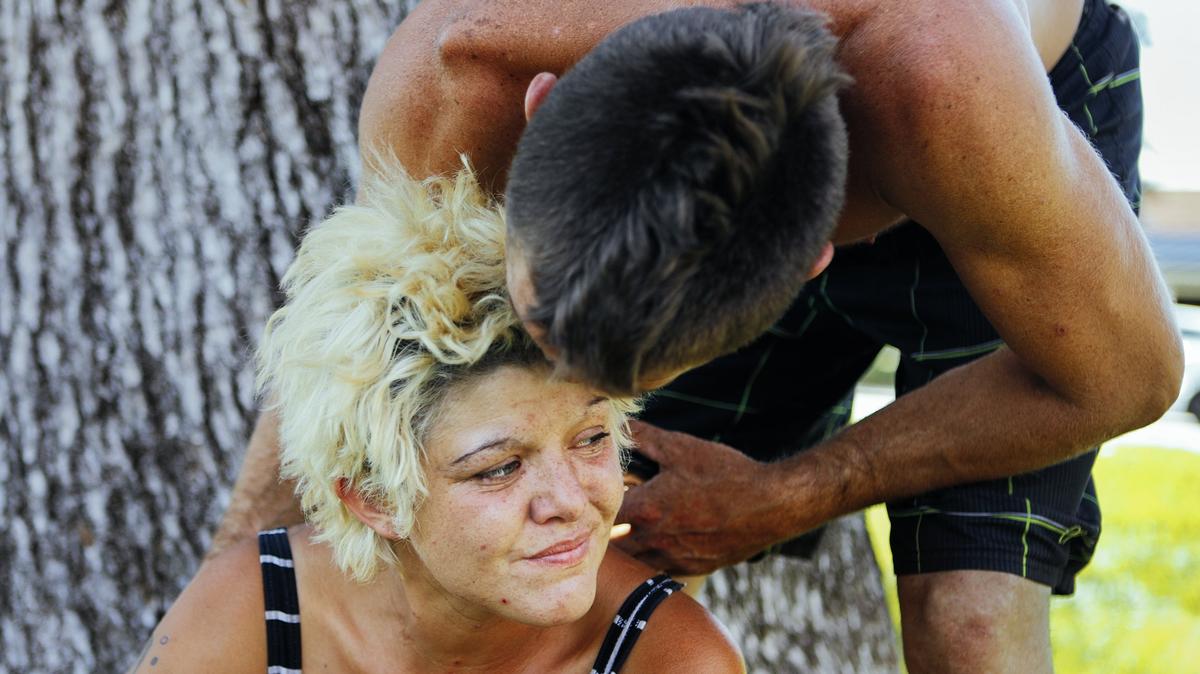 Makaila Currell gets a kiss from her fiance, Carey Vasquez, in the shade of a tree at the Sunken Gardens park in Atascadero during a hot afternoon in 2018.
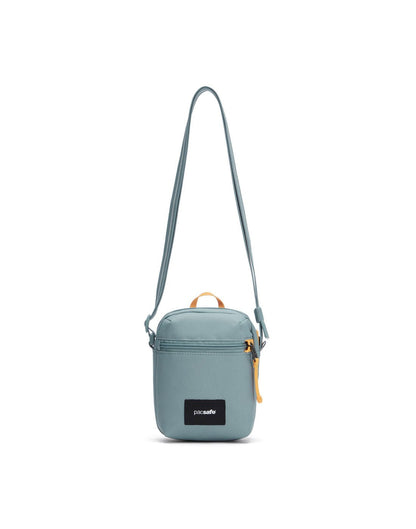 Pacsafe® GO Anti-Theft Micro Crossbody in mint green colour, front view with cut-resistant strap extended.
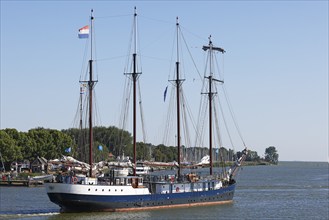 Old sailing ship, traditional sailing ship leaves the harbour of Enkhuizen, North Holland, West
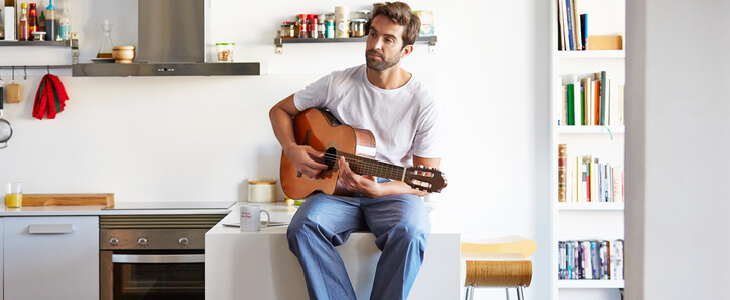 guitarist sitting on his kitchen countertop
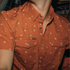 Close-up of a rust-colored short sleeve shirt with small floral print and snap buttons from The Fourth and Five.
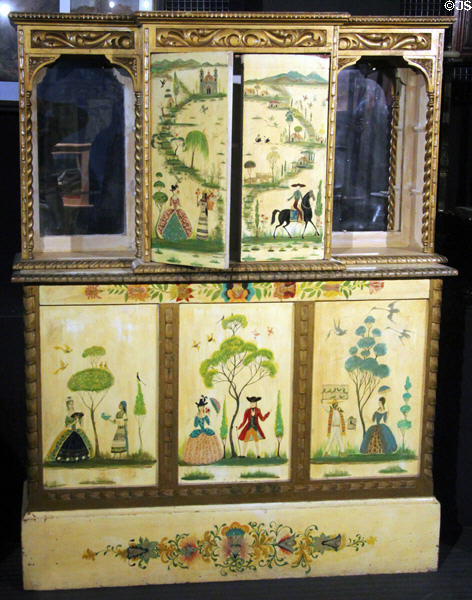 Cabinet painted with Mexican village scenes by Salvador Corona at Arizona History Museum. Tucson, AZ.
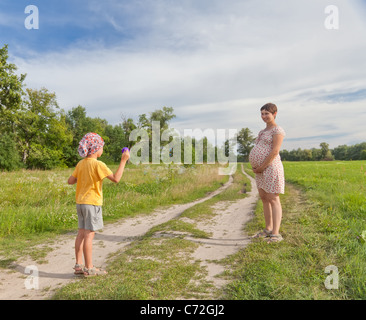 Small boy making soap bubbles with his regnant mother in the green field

════════

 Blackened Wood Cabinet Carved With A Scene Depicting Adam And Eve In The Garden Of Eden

════════

■ **The problem**
Output only the stretch above from the line with "Cabinet painted with" through the line with "Small boy making", reproduced exactly. Exclude pictures.

■ **Expected output**
 Cabinet painted with Mexican village scenes by Salvador Corona at Arizona History Museum. Tucson, AZ.
 Small boy making soap bubbles with his regnant mother in the green field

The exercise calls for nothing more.